**Stored data:**
══════
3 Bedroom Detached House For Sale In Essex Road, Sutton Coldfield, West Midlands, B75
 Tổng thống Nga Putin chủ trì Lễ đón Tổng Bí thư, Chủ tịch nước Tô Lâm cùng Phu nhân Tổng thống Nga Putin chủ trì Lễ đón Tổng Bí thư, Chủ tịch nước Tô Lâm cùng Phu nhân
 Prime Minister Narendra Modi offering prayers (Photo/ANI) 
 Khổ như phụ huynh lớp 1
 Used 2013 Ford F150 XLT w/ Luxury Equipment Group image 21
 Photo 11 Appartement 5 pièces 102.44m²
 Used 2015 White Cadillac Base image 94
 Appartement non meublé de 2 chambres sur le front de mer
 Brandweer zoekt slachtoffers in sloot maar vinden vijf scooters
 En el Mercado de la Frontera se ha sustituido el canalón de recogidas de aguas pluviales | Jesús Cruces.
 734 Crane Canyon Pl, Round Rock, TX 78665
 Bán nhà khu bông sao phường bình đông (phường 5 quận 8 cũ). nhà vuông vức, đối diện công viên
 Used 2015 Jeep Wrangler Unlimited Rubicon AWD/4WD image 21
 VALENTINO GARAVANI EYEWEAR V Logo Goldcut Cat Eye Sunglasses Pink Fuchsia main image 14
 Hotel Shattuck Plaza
══════
**How to complete this task:**
Wherever a line of the entries holds the string "Photo", copy that line.

**Exercise output:**
 Prime Minister Narendra Modi offering prayers (Photo/ANI) 
 Photo 11 Appartement 5 pièces 102.44m²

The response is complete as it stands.